--- Exercise ---
Return the full listing character for character, without its pictures.

--- Recorded data ---

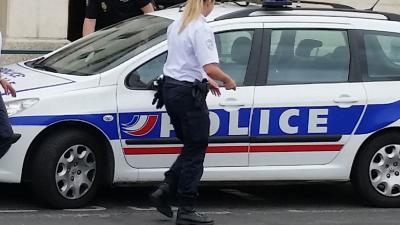 Franse politieagenten bij auto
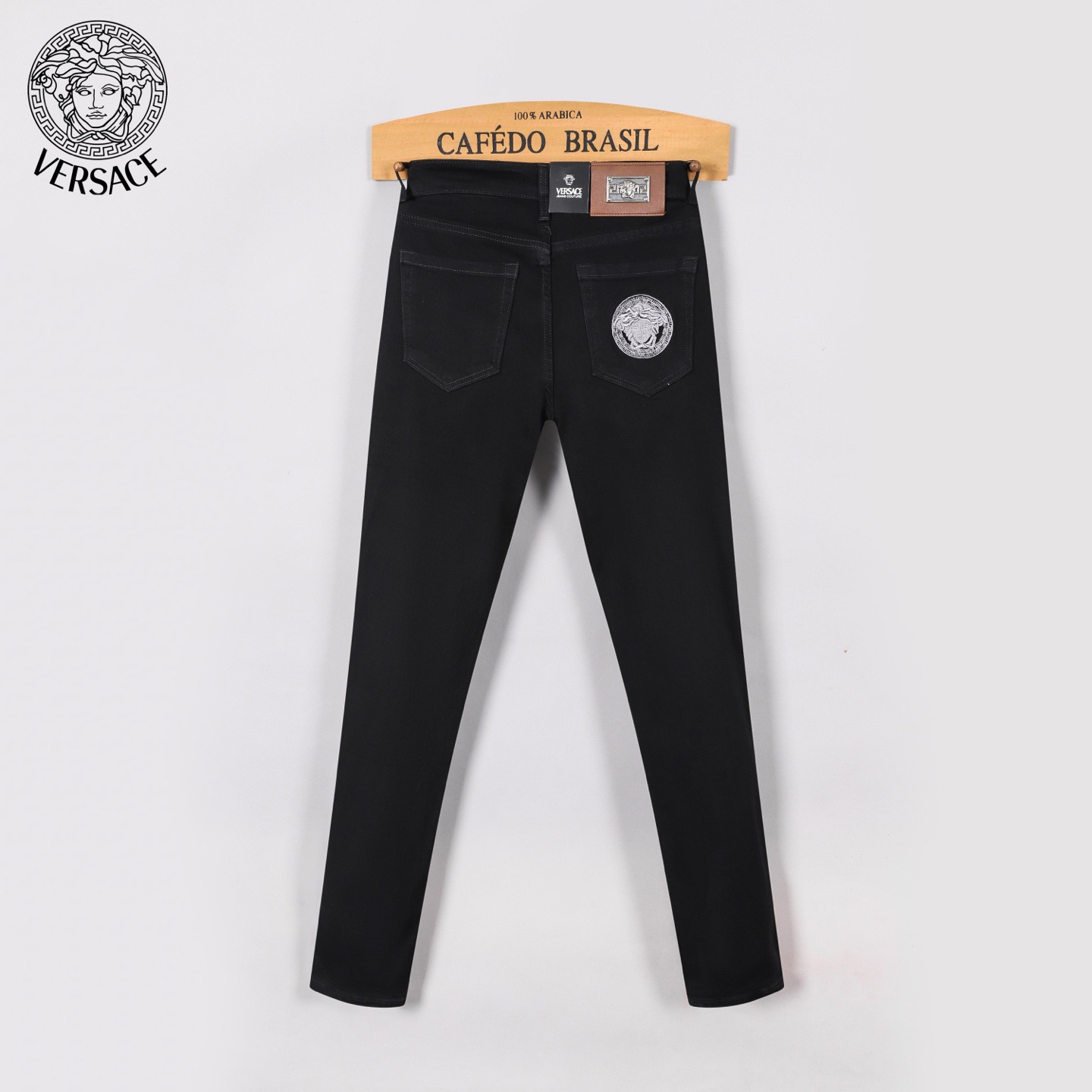 范思哲小直筒牛仔裤 - 柔らかく快適な重工水洗デニム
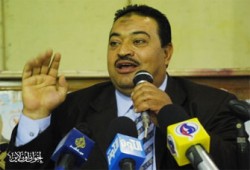 عصام مختار: ليست الديمقراطية بـ" حرق المقرات" والاعتداء على الرموز
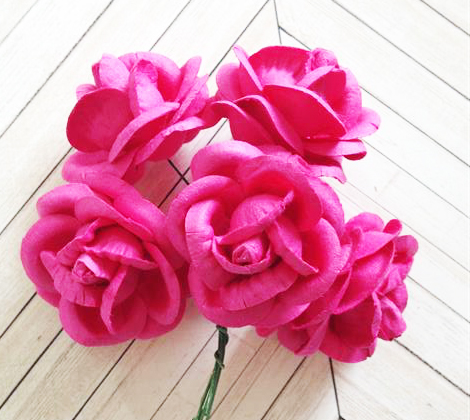 פרחי נייר - ורדים גדולים - ורוד פוקסיה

--- Task result ---
 Franse politieagenten bij auto
 范思哲小直筒牛仔裤 - 柔らかく快適な重工水洗デニム
 عصام مختار: ليست الديمقراطية بـ" حرق المقرات" والاعتداء على الرموز
 פרחי נייר - ורדים גדולים - ורוד פוקסיה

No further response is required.